## [TRY IT]
Reproduce the section of the listing that begins at the line containing "Quiet Dog Nail" and finishes at the line containing "彩叶芋 哪些植物又贵又难养". Include both end lines and nothing beyond them.

## [RECORDED INFORMATION]

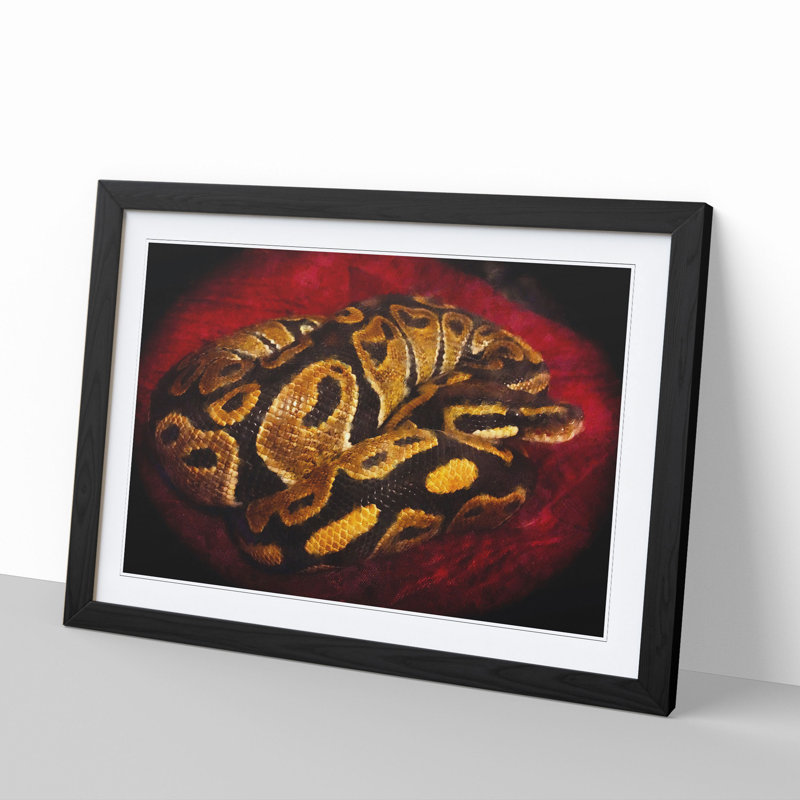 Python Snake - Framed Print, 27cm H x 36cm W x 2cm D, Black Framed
...
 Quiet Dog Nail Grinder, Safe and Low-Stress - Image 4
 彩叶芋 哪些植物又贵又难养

## [ANSWER AREA]
 Quiet Dog Nail Grinder, Safe and Low-Stress - Image 4
 彩叶芋 哪些植物又贵又难养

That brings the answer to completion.